Sometimes I notice that there is a difference in opinions regarding the use of 'must' relating to probability.

These three sentences look to me correct:

He must be in the library (He and the key to the library are absent)

He must have done the work. (No tools in the room)

He must be lucky. (He won a lottery)

But the use of 'must' in the three examples below looks to me incorrect:

He must be in the library. (Usually he is there at this time)

He must have done his work. (As a rule he finishes at 5 but now is 6)

He must be happy. (He won a lottery)

What is your opinion?

• They are all fine. Commented Dec 8, 2015 at 10:31
• Yes, they are all fine, both in terms of intended meaning, and common idiomatic phrasing. The related terms "may" and "might" are usually more complicated than "must". Commented Dec 8, 2015 at 10:39
• Whether or not a statement is accurate has nothing to do with whether it's syntactically and semantically valid. (What is a "ltterey"?) Commented Dec 8, 2015 at 11:11

## 3 Answers

There are actually three four common usages of must.

1. Indicating that something is a necessity, or is compulsory 'You must do your homework'.
2. Indicating that something is very likely or very probable 'He must be in the library (Usually he is there at this time).
3. As a noun (and related to 1.) something that is essential or very important. 'Reading Fowler's Modern English Usage is a must for all English students'.
4. As a noun, it refers to young wine.
• I would add a fourth: 4. Incidating something is absolutely certain “Therefore, the axiom must be true.” (It's similar to #2, but stronger.)
– J.R.
Commented Dec 8, 2015 at 11:06
• @J.R. Yes. One could also perhaps include one that is less strong than 2. You are going out in this weather? You must be mad!
– WS2
Commented Dec 8, 2015 at 11:41

The examples that make you uneasy seem to use the modal verb must in its epistemic meaning, expressing the speaker's degree of confidence in the proposition. (Or, in what you refer to as 'probability'.)

Here's a sample paper that discusses the nuances expressed by epistemic must, for reference.

English like most languages are imbued with idiomatic and sarcastic usage.

We know that the following phrases are meant to be courteous polite phrases

• Please
• Could you please
• I would

However when used in many contexts, those phrases actually mean to say "Well, I am being as polite and gentle as possible to tell you knuckle-head to do what I think is best."

• Please sit down !
• Could you please shut up ?
• I would not tell my children to walk alone in the night like you did.

Must is a word that connotes mandatory.

• It must be there but it isn't.
• For the fish to survive, you must clean the tank, but you didn't.

Usually, must is used in cohortative subjunctive or imperative subjunctive situations.

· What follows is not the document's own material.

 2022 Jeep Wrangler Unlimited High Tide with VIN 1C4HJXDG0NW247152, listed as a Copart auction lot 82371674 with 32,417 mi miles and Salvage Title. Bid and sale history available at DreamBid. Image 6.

But what happens when you use the word must in a propositional subjunctive situation?

Reference: Use of subjunctive form

Subjunctive situations have been categorized/quantized by linguists into various pigeon-holes, but in reality is a continuum. Just as real and imaginary numbers are a continuum of combinations, frequently a sentence is formed to describe a situation with a mix of real and subjunctive moods.

Like when real numbers are applied to the imaginary axis, when normal tenses and moods are applied to the imaginary realm, they take a turn in their directions. The varying and diverse combination of real and imaginary, influences the how the direction changes.

• Imperative: You must have \$10 to buy the ticket.
• Cohortative: You must win the game for us.

Propositional disguised as imperative to imbue intensity of belief:

• My credit card must be in the house, or else I'm doomed.
• He must be in the library, but I am not sure.
• He must be lucky. (I know he is not that good. It is just luck)

A mix of propositional and imperative

• He must be lucky. He must have been lucky to have won the race. I really need him to have been lucky. Otherwise, there is no hope for me to win the next race against him.